What you will do
Would you retype the whole listing verbatim, keeping pictures out of it?

───── Data to process

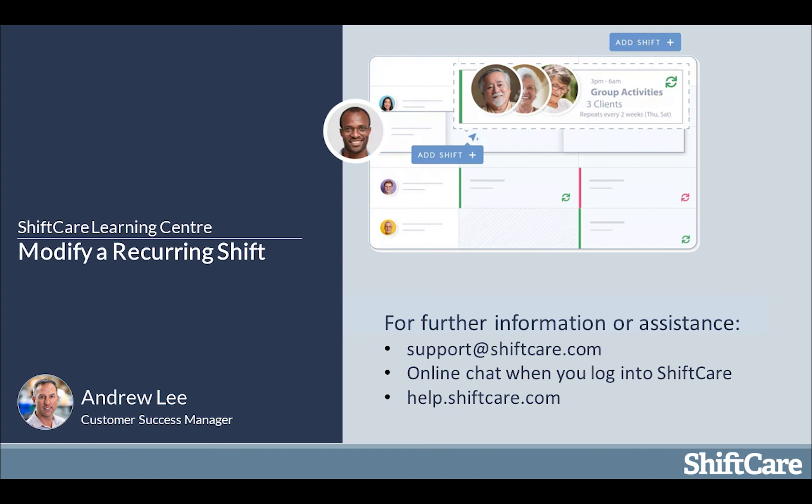We hope you enjoyed this session on modifying a recurring shift. For further information or assistance, you can reach us via email at support@shiftcare.com. We've got really great online chat support when you log in to ShiftCare, and we've got a lot of help articles available at help.shiftcare.com.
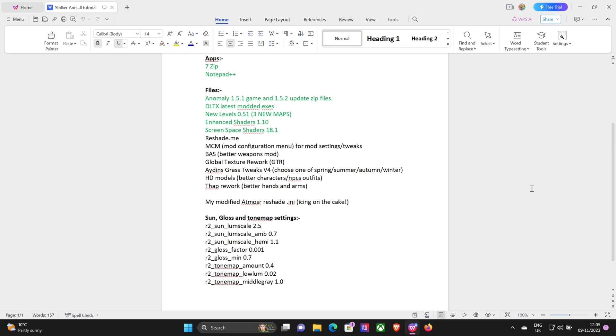Okay, welcome back stalkers. Lone Wolf here again, ready for part three. Alright, here we go. So we've got Enhanced Shaders installed, we've got the Screen Space Shaders installed. Game's looking alright but not perfect. So today we're going to install ReShade and the Mod Configuration Menu.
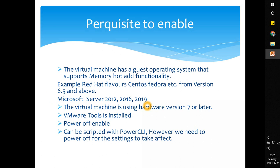Prerequisite: the virtual machine must have a guest operating system that supports memory hot add functionality. It all depends on the OS running in the virtual environment. Most of the latest OS flavors do support hot add features — for example, Red Hat flavors like CentOS, Fedora, and Red Hat itself, supported from CentOS 6.5 and above. Microsoft servers from 2012, 2016, and 2019 also support hot add CPU and memory.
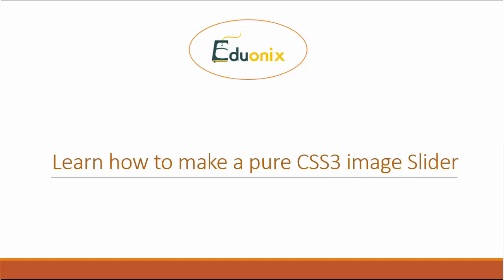Welcome to chapter three. In this chapter project, we're going to be building a CSS image slider.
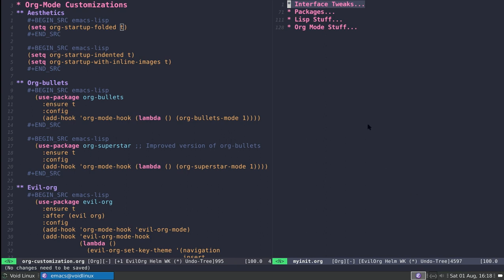Hey guys, I wanted to share some of my org-mode customizations. Nothing too fancy. Here on the left I have the plan of what we'll be looking at today, and on the right I have my configuration.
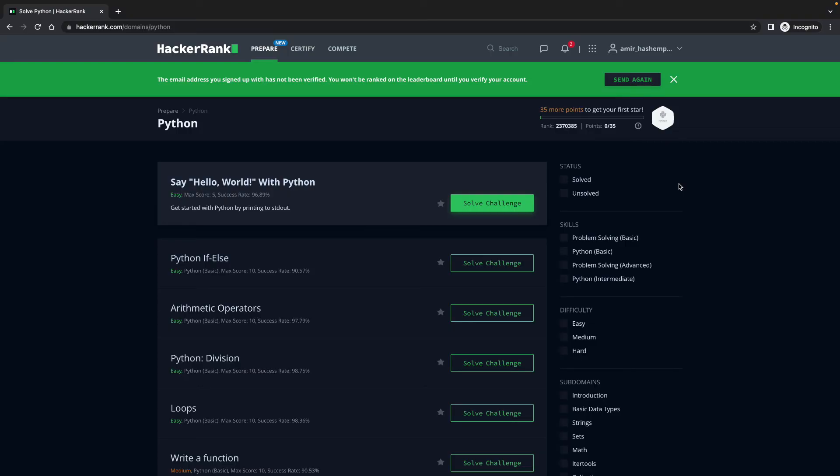You can post it on your LinkedIn. You can actually find jobs from HackerRank because different companies may also look at good candidates inside HackerRank. So what HackerRank does is introduce you to good companies if you're a really good programmer. So keep that also in mind.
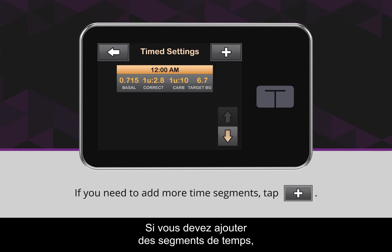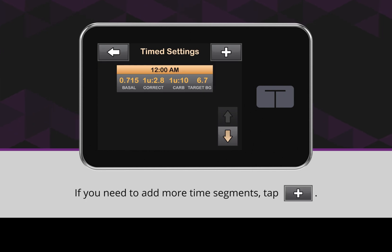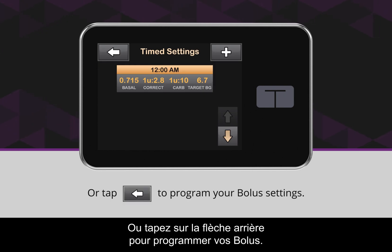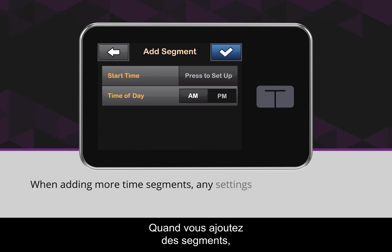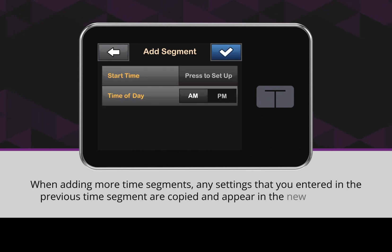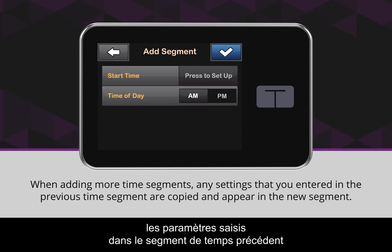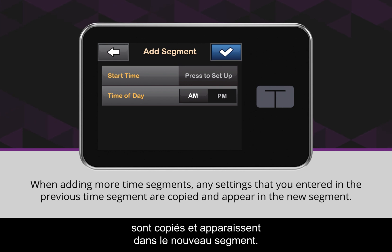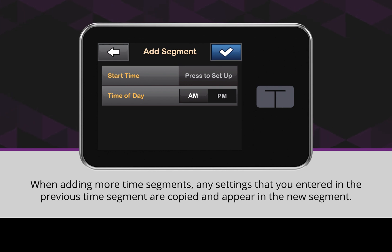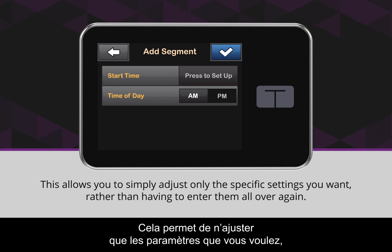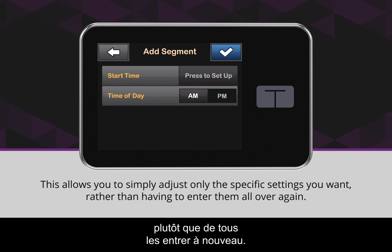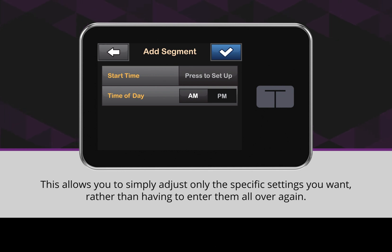If you need to add more time segments, tap the plus icon, or tap the back arrow icon to program your bolus settings. When adding more time segments, any settings that you entered in the previous time segment are copied and appear in the new segment. This allows you to simply adjust only the specific settings you want rather than having to enter them all over again.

──────────

Task result
We hope you enjoyed this session on modifying a recurring shift. For further information or assistance, you can reach us via email at support@shiftcare.com. We've got really great online chat support when you log in to ShiftCare, and we've got a lot of help articles available at help.shiftcare.com.
Okay, welcome back stalkers. Lone Wolf here again, ready for part three. Alright, here we go. So we've got Enhanced Shaders installed, we've got the Screen Space Shaders installed. Game's looking alright but not perfect. So today we're going to install ReShade and the Mod Configuration Menu.
Prerequisite: the virtual machine must have a guest operating system that supports memory hot add functionality. It all depends on the OS running in the virtual environment. Most of the latest OS flavors do support hot add features — for example, Red Hat flavors like CentOS, Fedora, and Red Hat itself, supported from CentOS 6.5 and above. Microsoft servers from 2012, 2016, and 2019 also support hot add CPU and memory.
Welcome to chapter three. In this chapter project, we're going to be building a CSS image slider.
Hey guys, I wanted to share some of my org-mode customizations. Nothing too fancy. Here on the left I have the plan of what we'll be looking at today, and on the right I have my configuration.
You can post it on your LinkedIn. You can actually find jobs from HackerRank because different companies may also look at good candidates inside HackerRank. So what HackerRank does is introduce you to good companies if you're a really good programmer. So keep that also in mind.
If you need to add more time segments, tap the plus icon, or tap the back arrow icon to program your bolus settings. When adding more time segments, any settings that you entered in the previous time segment are copied and appear in the new segment. This allows you to simply adjust only the specific settings you want rather than having to enter them all over again.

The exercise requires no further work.